The above is only some embodiments of the invention, it is noted that for the ordinary skill people of the art For member, various improvements and modifications may be made without departing from the principle of the present invention, these improvements and modifications are also answered It is considered as protection scope of the present invention.

Claims

1. a kind of video human critical point detection method, which is characterized in that the described method includes:

Extract multiframe image to be detected in video to be detected；

2. the method according to claim 1, wherein described image to be detected includes current frame image and at least one A historical frames image；The step of described multiframe image to be detected extracted in video to be detected, comprising:

Extract the current frame image in the video to be detected；

At least one historical frames image in the video to be detected is extracted, the historical frames image takes the frame moment to be located at described work as It is before prior image frame and adjacent with the current frame image.

3. according to the method described in claim 2, it is characterized in that, the light stream obtained between image to be detected described in multiframe , and the step of obtaining the characteristic pattern of each described image to be detected, comprising:

4. according to the method described in claim 3, it is characterized in that, the acquisition current frame image and the historical frames figure As between optical flow field the step of, comprising:

By the current frame image and the default neural light stream network of historical frames image input, obtain the current frame image and Optical flow field between the historical frames image.

5. according to the method described in claim 4, it is characterized in that, described merge the characteristic pattern according to the optical flow field, The step of obtaining the Enhanced feature figure of described image to be detected, comprising:

6. according to the method described in claim 3, it is characterized in that, the acquisition current frame image and the historical frames figure As between optical flow field the step of, comprising:

By the current frame image and the default neural light stream network of historical frames image input, obtain the current frame image and Optical flow field between the historical frames image, also obtains scale field；Wherein, the scale field is identical as the characteristic pattern dimension.

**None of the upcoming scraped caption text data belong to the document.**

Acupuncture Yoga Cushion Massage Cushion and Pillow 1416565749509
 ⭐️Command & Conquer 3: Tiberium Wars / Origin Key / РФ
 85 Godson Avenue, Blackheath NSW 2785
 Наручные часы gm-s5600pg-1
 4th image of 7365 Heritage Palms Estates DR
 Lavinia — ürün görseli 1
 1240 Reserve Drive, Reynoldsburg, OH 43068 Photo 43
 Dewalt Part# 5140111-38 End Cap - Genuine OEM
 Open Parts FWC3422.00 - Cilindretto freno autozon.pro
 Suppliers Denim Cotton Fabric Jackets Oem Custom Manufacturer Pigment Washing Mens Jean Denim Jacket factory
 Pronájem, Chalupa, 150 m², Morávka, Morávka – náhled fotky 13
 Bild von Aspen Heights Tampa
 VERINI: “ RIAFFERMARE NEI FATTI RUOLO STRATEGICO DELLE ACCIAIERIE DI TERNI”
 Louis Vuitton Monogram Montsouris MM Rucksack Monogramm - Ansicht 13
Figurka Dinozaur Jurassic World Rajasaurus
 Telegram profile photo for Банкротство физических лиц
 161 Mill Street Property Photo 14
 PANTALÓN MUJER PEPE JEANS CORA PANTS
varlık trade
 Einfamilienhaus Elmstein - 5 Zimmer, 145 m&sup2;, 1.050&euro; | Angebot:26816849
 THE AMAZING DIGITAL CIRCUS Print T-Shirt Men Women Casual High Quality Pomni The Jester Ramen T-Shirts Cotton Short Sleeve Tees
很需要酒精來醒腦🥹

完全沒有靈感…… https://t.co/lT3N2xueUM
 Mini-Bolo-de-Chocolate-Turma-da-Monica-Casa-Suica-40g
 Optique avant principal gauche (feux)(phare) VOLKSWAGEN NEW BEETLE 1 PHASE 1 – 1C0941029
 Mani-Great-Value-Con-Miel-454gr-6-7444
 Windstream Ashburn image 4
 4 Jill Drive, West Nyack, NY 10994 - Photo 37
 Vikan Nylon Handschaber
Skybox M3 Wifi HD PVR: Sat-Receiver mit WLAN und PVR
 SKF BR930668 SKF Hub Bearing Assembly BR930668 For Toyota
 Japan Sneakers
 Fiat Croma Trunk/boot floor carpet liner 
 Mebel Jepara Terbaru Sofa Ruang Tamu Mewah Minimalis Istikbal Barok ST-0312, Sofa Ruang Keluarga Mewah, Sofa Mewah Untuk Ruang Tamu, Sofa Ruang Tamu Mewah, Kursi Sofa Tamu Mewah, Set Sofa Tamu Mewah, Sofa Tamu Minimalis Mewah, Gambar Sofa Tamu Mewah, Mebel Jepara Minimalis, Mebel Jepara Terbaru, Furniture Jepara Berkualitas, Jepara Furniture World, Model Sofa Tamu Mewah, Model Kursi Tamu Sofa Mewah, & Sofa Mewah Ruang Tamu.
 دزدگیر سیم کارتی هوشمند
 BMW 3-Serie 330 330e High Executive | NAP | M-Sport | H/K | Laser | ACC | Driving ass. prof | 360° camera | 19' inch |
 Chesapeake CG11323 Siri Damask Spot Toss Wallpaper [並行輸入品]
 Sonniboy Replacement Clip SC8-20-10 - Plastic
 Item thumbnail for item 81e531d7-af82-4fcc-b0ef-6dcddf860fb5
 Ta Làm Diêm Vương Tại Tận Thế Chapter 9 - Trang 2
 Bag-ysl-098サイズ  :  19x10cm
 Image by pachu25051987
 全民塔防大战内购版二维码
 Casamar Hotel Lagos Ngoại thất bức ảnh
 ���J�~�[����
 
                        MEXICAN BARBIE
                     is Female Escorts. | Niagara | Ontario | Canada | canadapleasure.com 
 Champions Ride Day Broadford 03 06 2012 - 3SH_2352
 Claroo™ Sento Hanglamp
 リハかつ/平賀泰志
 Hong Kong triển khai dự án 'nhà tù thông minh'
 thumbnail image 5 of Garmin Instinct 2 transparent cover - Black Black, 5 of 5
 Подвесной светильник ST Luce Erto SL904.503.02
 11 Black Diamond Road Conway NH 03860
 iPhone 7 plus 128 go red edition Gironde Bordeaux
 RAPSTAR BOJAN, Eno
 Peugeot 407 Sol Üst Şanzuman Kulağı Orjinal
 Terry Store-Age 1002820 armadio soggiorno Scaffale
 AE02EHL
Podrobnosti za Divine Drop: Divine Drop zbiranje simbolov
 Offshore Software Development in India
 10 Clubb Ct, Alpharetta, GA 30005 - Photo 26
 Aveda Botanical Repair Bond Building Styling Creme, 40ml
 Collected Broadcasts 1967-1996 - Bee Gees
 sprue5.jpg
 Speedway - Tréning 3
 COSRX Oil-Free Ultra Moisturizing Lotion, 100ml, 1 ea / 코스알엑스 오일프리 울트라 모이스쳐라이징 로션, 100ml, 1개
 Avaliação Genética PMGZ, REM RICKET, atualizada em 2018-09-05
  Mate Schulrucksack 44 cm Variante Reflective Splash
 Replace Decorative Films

7. according to the method described in claim 6, it is characterized in that, described merge the characteristic pattern according to the optical flow field, The step of obtaining the Enhanced feature figure of described image to be detected, comprising:

8. a kind of video human critical point detection device, which is characterized in that described device includes:

Optical-flow Feature extraction module, for obtaining the optical flow field between image to be detected described in multiframe, and obtain it is each it is described to The characteristic pattern of detection image；

Image enhancement module obtains the enhancing of described image to be detected for merging the characteristic pattern according to the optical flow field Characteristic pattern；

Critical point detection module obtains in described image to be detected for the Enhanced feature figure to be inputted default neural network Human body key point.

9. a kind of computer equipment, including memory and processor, the memory are stored with computer program, feature exists In the step of processor realizes any one of claims 1 to 7 the method when executing the computer program.

10. a kind of computer readable storage medium, is stored thereon with computer program, which is characterized in that the computer program The step of method described in any one of claims 1 to 7 is realized when being executed by processor.